El discurso del pobrismo sigue, sin embargo, tan vigente como siempre en la boca del establishment, principal beneficiario del clientelismo planerista. Una clase chupasangre de políticos sin valores ni liderazgo, mafiosas “orgas” sociales, empresarios prebendarios y sindicalistas sin trabajadores, todos ellos dispuestos a succionar hasta el último glóbulo rojo de quienes no se rinden al asistencialismo y tienen aún la rebelde osadía de trabajar, producir y vivir por las suyas, a puro esfuerzo, iniciativa y tesón. A pesar de los continuos sinsabores y flacos rendimientos, en un país en que los únicos que prosperan, además del narcotráfico fulgurante, son los profesionales de la política y las mafias cómplices de perturbadores callejeros.

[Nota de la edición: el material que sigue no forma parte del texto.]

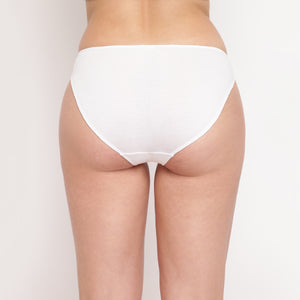 Glamo Rise High Leg Brief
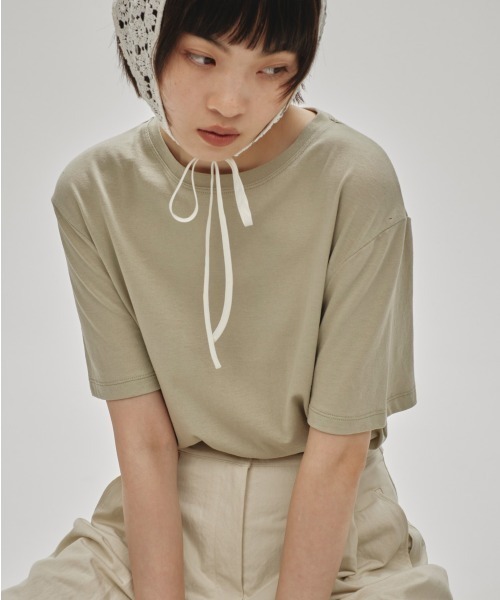 TODAYFUL（トゥデイフル）の「Basic Smooth T-Shirts（Tシャツ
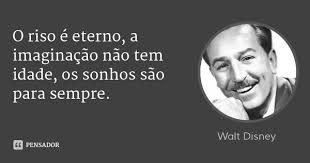 Walt Disney Citacoes Frases Inspiracionais Frases Diarias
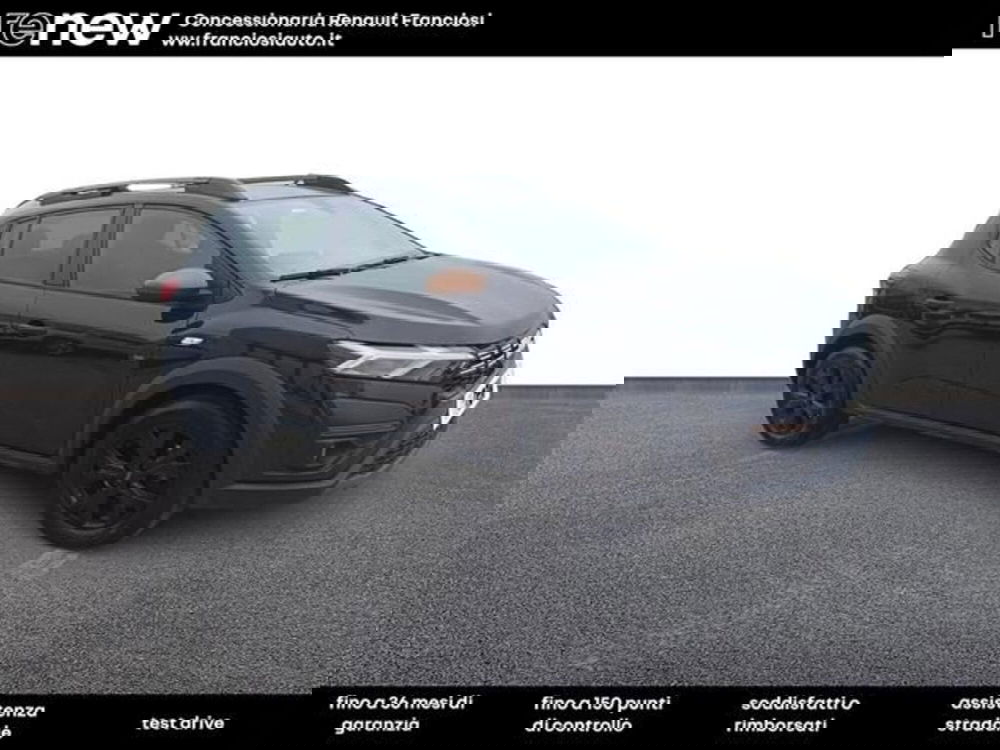 Dacia Sandero Stepway usata a Modena (2)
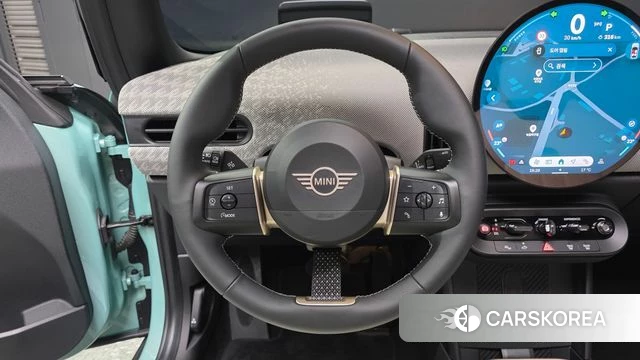 Mini Cooper S 4th Generation 2024 Синий из Кореи, фото 4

No hay plan social ni subsidio de ningún tipo posible que pueda sustituir al empleo. El trabajo es el mejor plan social que se pueda concebir
Veamos otra faceta de nuestra patología. Analizar en detalle si la próxima crisis, si el próximo tarascón a nuestra riqueza nacional, vendrá antes o después de los comicios, nos tiene ahora ocupados a todos. Pues claro, ello es importante para saber si afectará o no el desempeño electoral del gobierno. Los consultores profesionales estudiamos entonces el poder de fuego de que disponen el Banco Central y el Tesoro para lidiar con el cuadro de variables cada vez más tenso: DEG a recibir del FMI, bonos soberanos en poder del BCRA, reservas netas, margen de operación en futuros, eventuales acuerdos con organismo multilaterales…

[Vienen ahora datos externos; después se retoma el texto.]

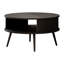 Four Leg Coffee Table with Storage
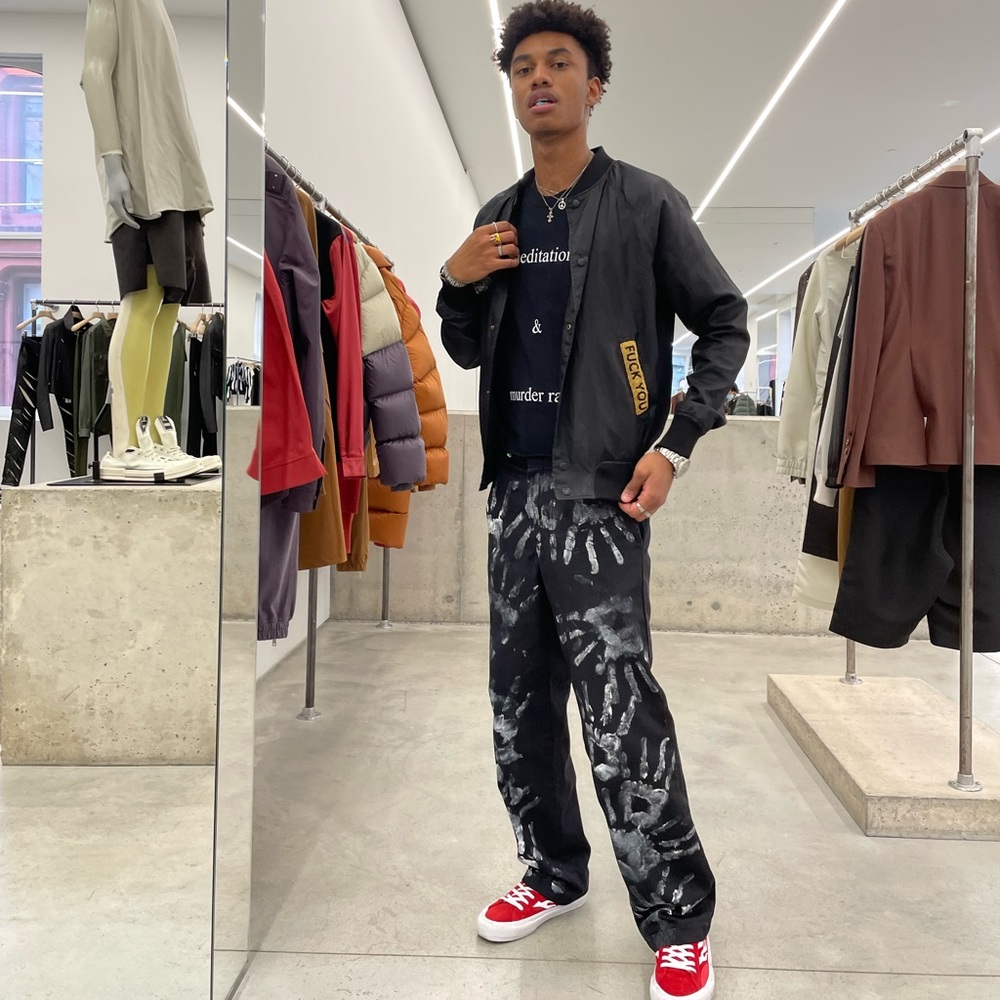 Meet your Posher, Neskin sebastien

Todo entra en el análisis para determinar “si llega o no” (el gobierno). Sí, es importante. Pero nadie parece preocuparse por algo mucho más importante: recurrir al mentado poder de fuego entraña el despilfarro de esos últimos recursos que nos quedan, de esas postreras joyas de la abuela. Entretanto, mientras el oficialismo de turno juega a salvarse, nuestra economía se sigue derrumbando y apunta a hundirse aun más. Nunca fue tan cierto aquello de que la Argentina crece —más bien, sobrevive— gracias a que sus políticos dejan de robar cuando duermen. Ningún clamor se alza en defensa de quienes deberán pagar la fiesta de los bonos malvendidos, de los DEG desperdiciados, de las reservas vaciadas, del sobreendeudamiento fiscal y cuasifiscal y los gravosos intereses. La Argentina es ese país en el que los ciudadanos contemplamos con imperturbable atonía cómo los integrantes de la clase política —oficialistas y opositores— luchan por conquistar el poder para pasar así a vivir a costa de su sector productivo, dispuestos a devorarle hasta las vísceras.

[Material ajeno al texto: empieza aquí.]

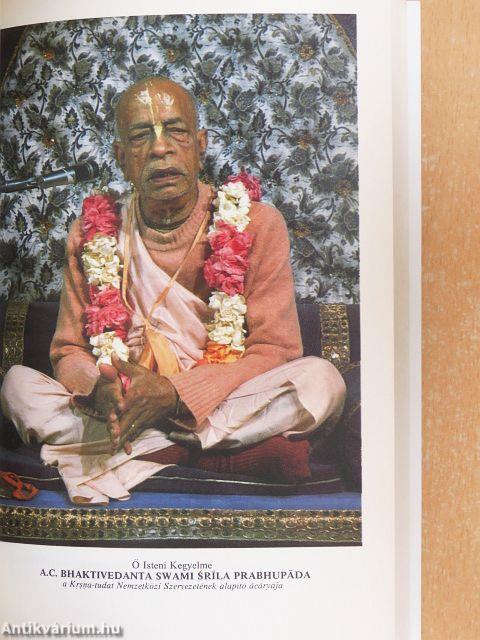 Srí Caitanya tanítása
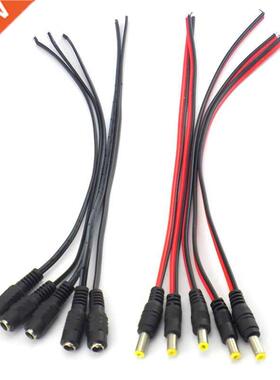 12V DC Connectors Male Female jack cable adapter plug power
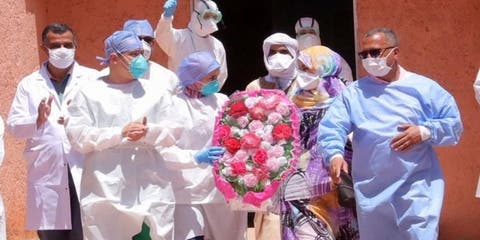 المغرب: 6 حالات شفاء جديدة من كورونا والإجمالي يبلغ 7370 متعاف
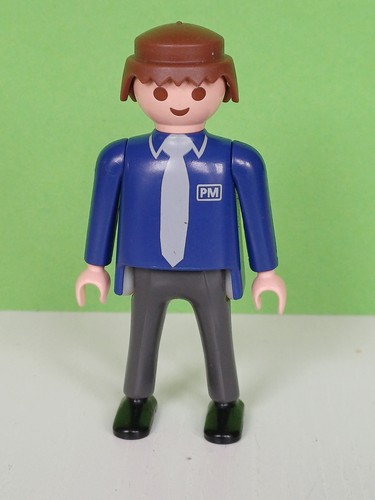 Playmobil sammlung figur - figur, aus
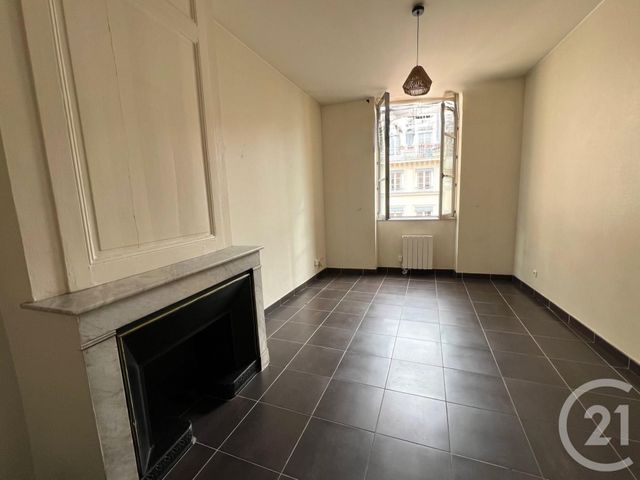 Appartement F2 à vendre - 2 pièces - 35,22 m2 - Lyon - 69002 - RHONE-ALPES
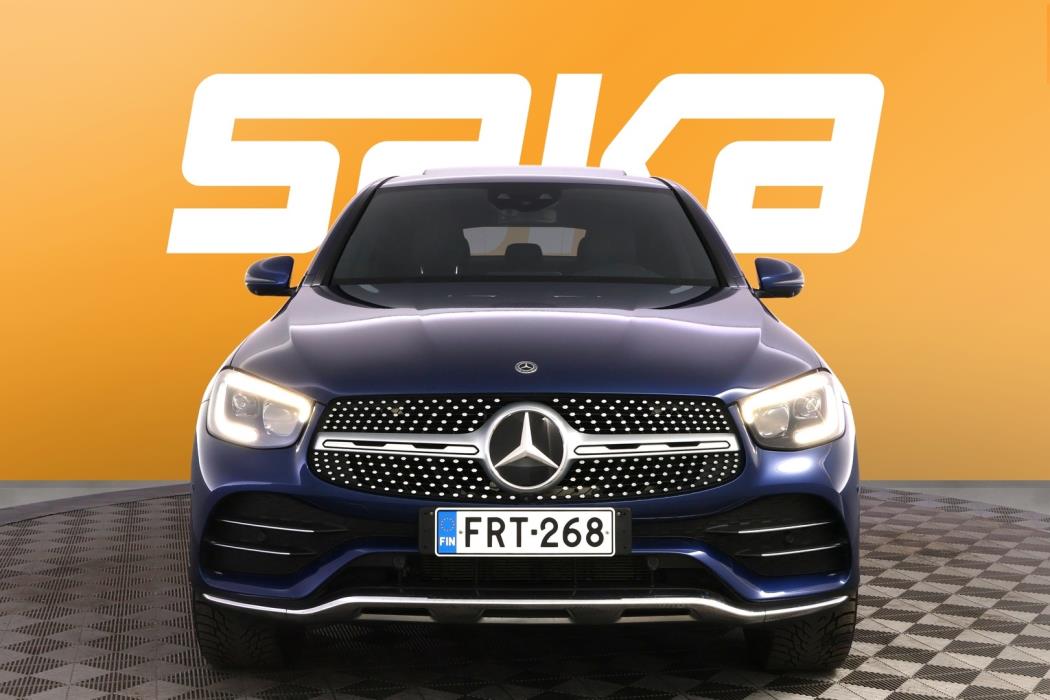 MERCEDES-BENZ GLC 2021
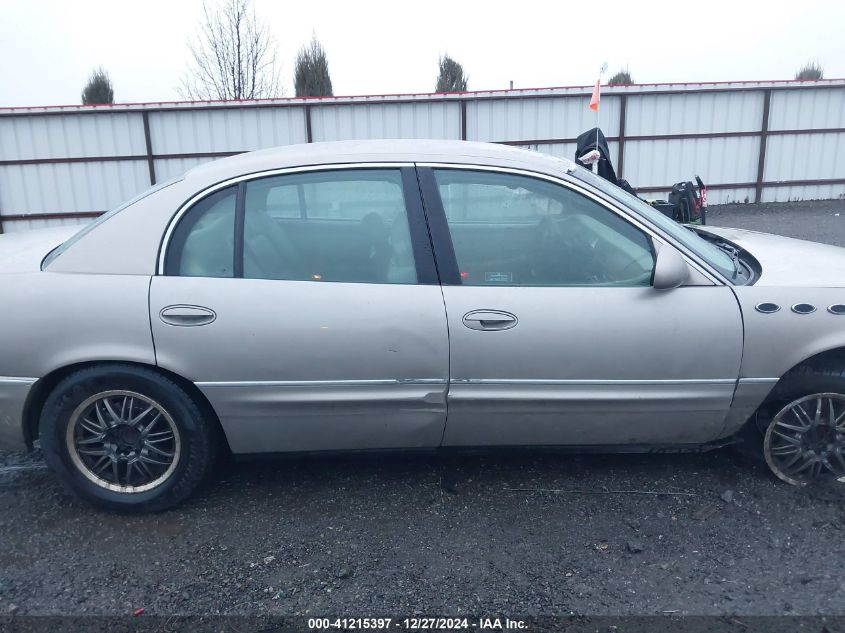 2003 Buick Park Avenue VIN: 1G4CW54K934201697 Lot: 41215397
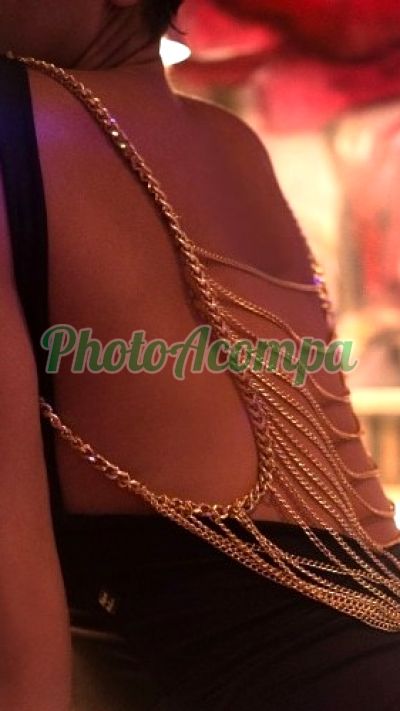 Cris Massagista, escort em Campinas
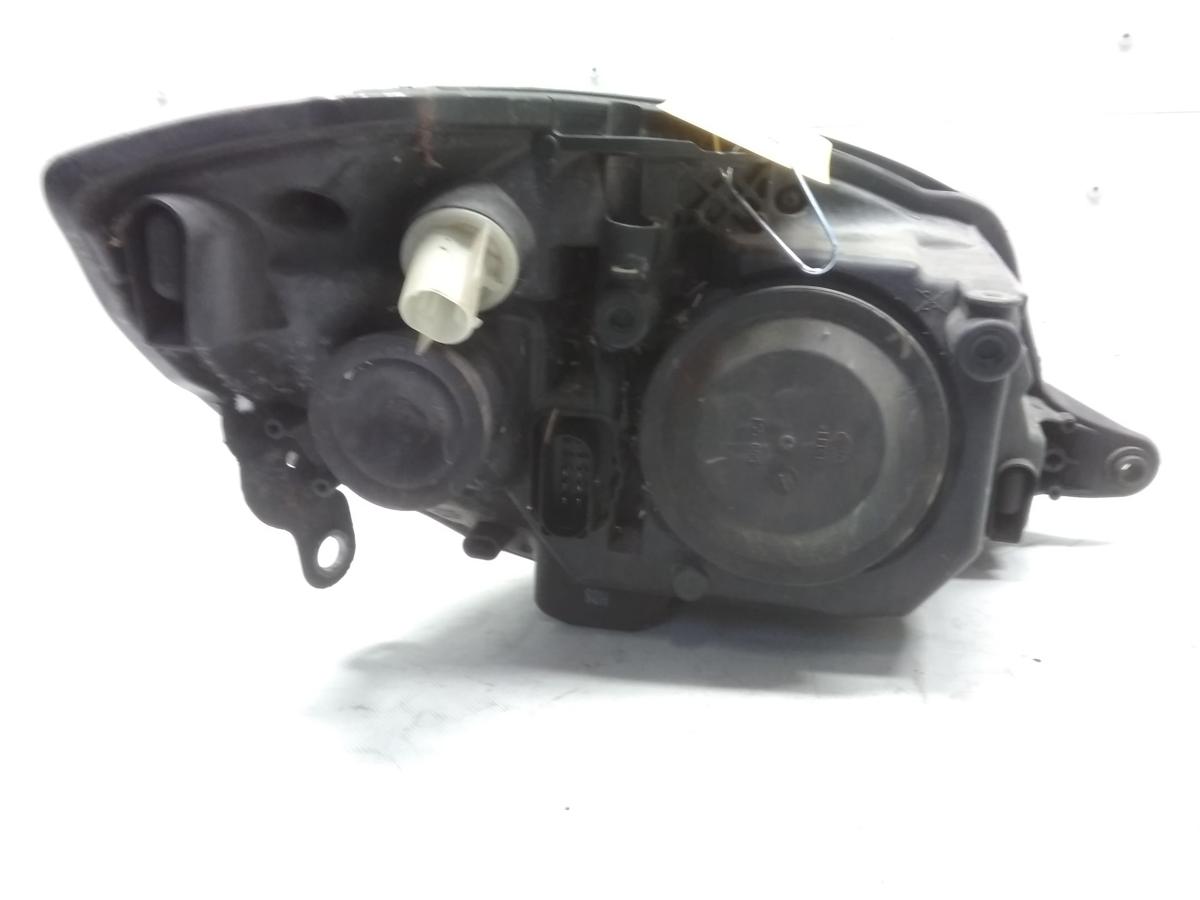Skoda Roomster 5J original Scheinwerfer links H4 mit LWR Bj.2009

Pasó con el impuestazo de 1999, con la pesificación y exacción de depósitos de 2002, con los ahorros de los argentinos en las AFJP en 2008, con 75% del capital birlado a los bonistas en 2005 y 2010, con la deuda contraída malvendiendo dólares a futuro en 2015, con el blanqueo en 2017, con el megapréstamo del FMI en 2018, y con el impuestazo a la riqueza y a los bienes personales en 2020. Todos ellos dilapidados en gasto ordinario. Pasó con De la Rúa, con Duhalde, con los dos Kirchner, con Macri y con Fernández. Y seguirá pasando. Mientras los dejemos.